Who wouldn’t want to make such a change?
The environmental benefits from converting to a TWH system are twofold: reduction in greenhouse gas emissions from using the more energy efficient TWH and a reduction in landfill waste from the longer service life (and smaller size) of the TWH units.
To estimate the reduced carbon dioxide emissions, we assumed that the supply of natural gas is one hundred percent methane. By knowing the amount of carbon dioxide that is produced when methane is burned, we were able to estimate the total carbon dioxide released annually and over the 20-year life of a TWH system.

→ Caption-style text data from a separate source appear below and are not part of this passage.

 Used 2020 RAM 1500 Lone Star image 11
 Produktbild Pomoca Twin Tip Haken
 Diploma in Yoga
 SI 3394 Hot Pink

The table below projects the reduction in carbon dioxide achieved by converting from a traditional natural gas tank-based water heater to a natural gas TWH. A medium home would reduce its carbon dioxide production by 7.23 tons over a 20- year period. Total emissions from all household operations for an average American home total approximately 248 tons of carbon dioxide over a 20-year period. Thus, converting to a TWH system would reduce an average US household’s carbon dioxide emissions by about 3%.

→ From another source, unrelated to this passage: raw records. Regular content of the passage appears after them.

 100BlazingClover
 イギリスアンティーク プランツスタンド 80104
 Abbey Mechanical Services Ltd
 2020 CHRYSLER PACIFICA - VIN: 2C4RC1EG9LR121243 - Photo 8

Since tank-based water heaters have a service life of only seven to ten years and since every US home has a water heater, the total landfill contribution from retired water heaters is quite large. In fact, the US Department of Energy esti- mates that Americans deposit 7.3 million traditional tank-based water heaters into landfills each year. Converting American homes to 20-year life TWH systems would eventually cut the number of water heaters deposited in landfills to less than half of that number. Further, since TWHs are much smaller than tank-based water heaters, the volume placed in landfills would decrease even more.

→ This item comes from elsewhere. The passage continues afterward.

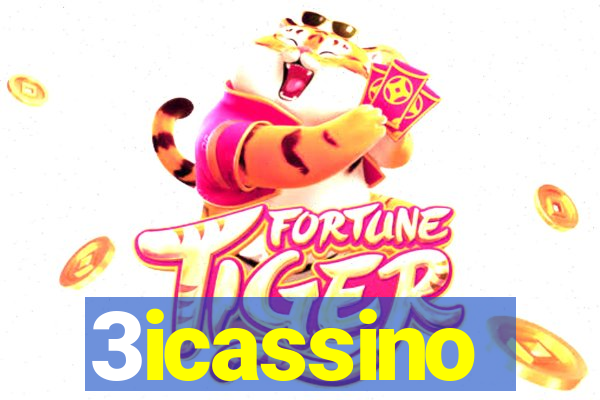 3icassino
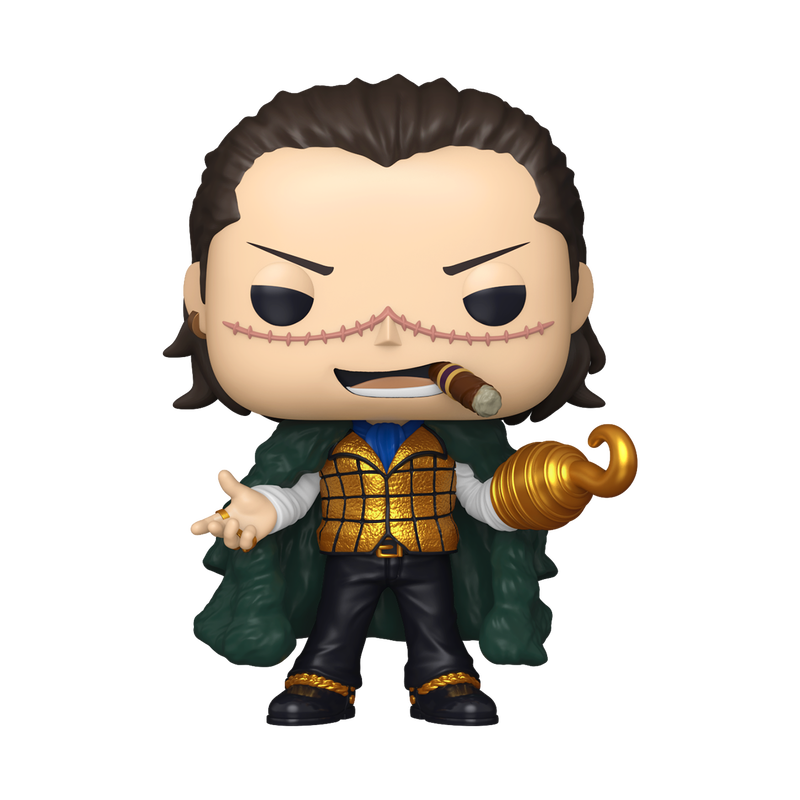 Pop! Crocodile (Live Action), , hi-res view 1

In the summer of 2006, we converted our vacation home from three large interconnected tank-based water heaters to two interconnected Rinnai TWHs. Since the vacation home is unoccupied at various points in the year, our primary motivation in converting to TWHs was to eliminate the waste from the stand-by heating of the three water tanks. Our initial research led us to focus on three features of the various TWH candidates:
- Energy Factor (EF)
- Flow rate (in gallons per minute (GPM))
- Modulated control of the heat exchanger
Besides conducting a general web search about TWH systems, we found an excellent web site maintained by the US Department of Energy, which has a range of information on TWH systems and other water heating topics: www.eere.energy.gov/consumer/your_home/water_heating/index.cfm/mytopic=12760
Our vacation home is located near a ski resort in Utah, and when it gets used it gets used a lot. So we were duly skeptical about whether these modest-sized on-wall tankless units could keep up with our demand for hot water after we all return from a day of skiing. Because of the size of the house, the plumber recommended interconnecting two large TWHs to cover the whole house.
The installation took place over two days. Appropriate shut-offs and by-passes were installed between the old and new systems. Since the existing plumbing had a recirculating system for hot water, we decided to install a five-gallon electric hot water heater to coordinate with the recirculating system. Recirculating systems are designed to reduce potable water waste by reducing the time (and amount of water) before hot water reaches an open faucet. Thus, they save water at the cost of additional energy use. However, in Utah, water is a fairly precious commodity.
We remained skeptical until we turned the by-pass valve and tested the new system by turning on all the showers and sinks. After 10 minutes the water was still as hot as at the beginning. With the traditional tank-based water heater system, when four or more showers were running at once, the temperature of the water started to fall within a few minutes. The water remained so hot during our post-installation test that we lowered the digital setting for the two TWH units.
In the process of saving money and reducing our carbon emissions, we also gained a considerable amount of space. The tandem TWH system we installed takes no floor space, compared to the three feet by eight feet of floor space that our traditional system occupied.